E Drummond seguia nos perguntando. Queria saber de tudo sobre a Cidadezinha Qualquer. Mas, claro, o poeta falou – e muito, pura poesia para os nossos ouvidos. Perguntou pelo nosso chargista, cartunista e diagramador Genin, que não estava presente na visita.
“Gosto muito de suas caricaturas. E do bom humor de vocês”, elogiou o poeta. Disse que já quis ser humorista, como se ele não tivesse sido. E assim, jornal e poeta foram se conhecendo – e trocando impressões sobre Itabira e O Cometa.
“Tenho acompanhado o trabalho de vocês e percebo uma linha coerente no que tem sido feito”, afirmou. “Um jornal irreverente, e com uma linha crítica, como é o de vocês, deve encontrar sérias dificuldades para se sustentar”, observou o perspicaz jornalista. Acertou na “mosca”.
Vila de Utopia
Drummond conta algumas histórias de Itabira e a conversa entra para o campo de suas preocupações com o presente e futuro da cidade – apreensões que o poeta vinha manifestando pelo menos desde que escreveu Vila de Utopia, em 1933, nove anos antes da criação da Vale.
E como ele também escreveu na década de 1950, aos domingos no Correio da Manhã, cuja menção ele faz em carta enviada ao jornal. O poeta jornalista queria saber como vivia a terceira Itabira com o minério do Cauê e Conceição sendo extraído em larga escala – e como se projetava a quarta Itabira, tendo que se virar sem a mineração.
O poeta expressou o que pensa a respeito: “Uma cidade vivendo exclusivamente em função da monoindústria, não pode ficar tranquila quanto ao seu futuro. A relação de dependência é muito grande”, afirmou.
A fotografia na parede, que não foi vista no apartamento do poeta, permaneceu ao longo da nossa conversa. “Itabira nunca saiu de minhas lembranças”, revelou. O poeta mencionou o ressentimento de parte dos itabiranos, que o acusavam de se manter indiferente à realidade de sua terra natal.
“Muitos me acusam de omissão por nada fazer por Itabira. Ora, sou poeta, não exerço nenhum mandato político. O itabirano deve cobrar posicionamentos dos deputados que se elegeram com os votos dos eleitores da cidade.

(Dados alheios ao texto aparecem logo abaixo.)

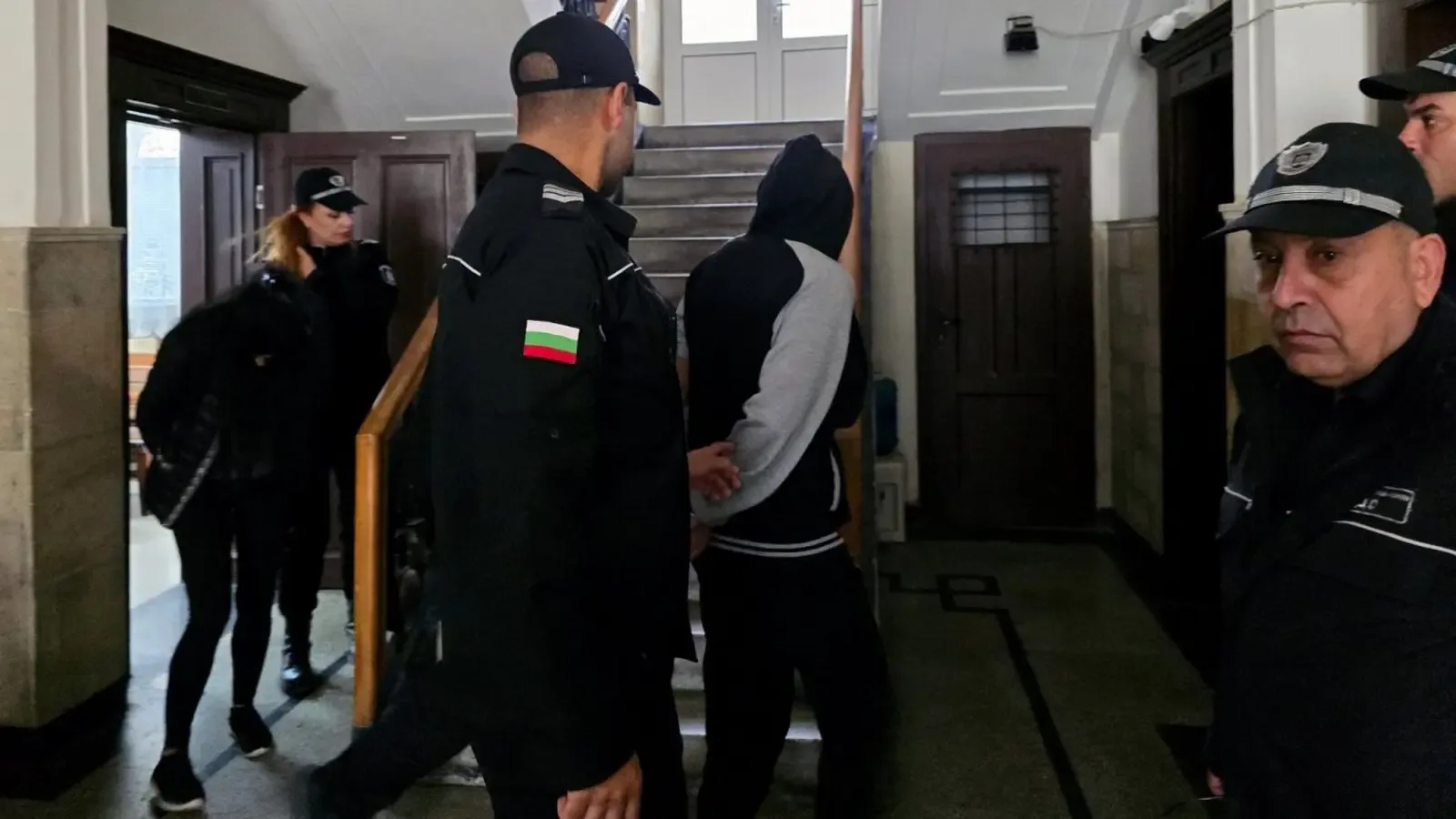 Ефективни присъди за двама обвиняеми по дело за жестокост към животни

São eles que têm a obrigação de fazer algo pela cidade, de gritar, de protestar nas assembleias. A minha profissão é também de jornalista e sempre que alguma denúncia chega aos meus ouvidos, eu procuro repercuti-la nos jornais em que escrevo.”
O poeta prossegue criticando a omissão dos políticos locais e nacionais. Lembra que é histórica a letargia do itabirano, que cruza os braços e deixa a vida passar devagar em Itabira do Mato Dentro. Esperançoso, embora ainda cético, diz acreditar que um dia o itabirano irá acordar desse sono letárgico.
Drummond analisa a relação da então estatal Companhia Vale do Rio Doce com a cidade. “Até hoje eu não sei se a Vale foi um bem ou um mal para Itabira, mais precisamente para o itabirano. Antigamente, o itabirano era irreverente, mordaz, crítico. Não via com bons olhos as coisas do governo. Ele se conduzia com uma consciência crítica, lúcida. Protestava, gritava quando achava de direito. Hoje, o itabirano me parece resignado, como se nada mais pudesse ser feito. É preciso que Itabira acorde para os seus problemas”, sugeriu o poeta.
Foi nesse clima cordial, amigo e alegre que passamos duas horas na companhia do itabirano Carlos Drummond de Andrade. Se de tudo fica um pouco, ficou uma aliança tácita entre o poeta e a turma do jornal O Cometa, uma parceria de muitos anos, até a sua morte em 17 de agosto de 1987. E que prosseguiu enquanto o jornal existiu.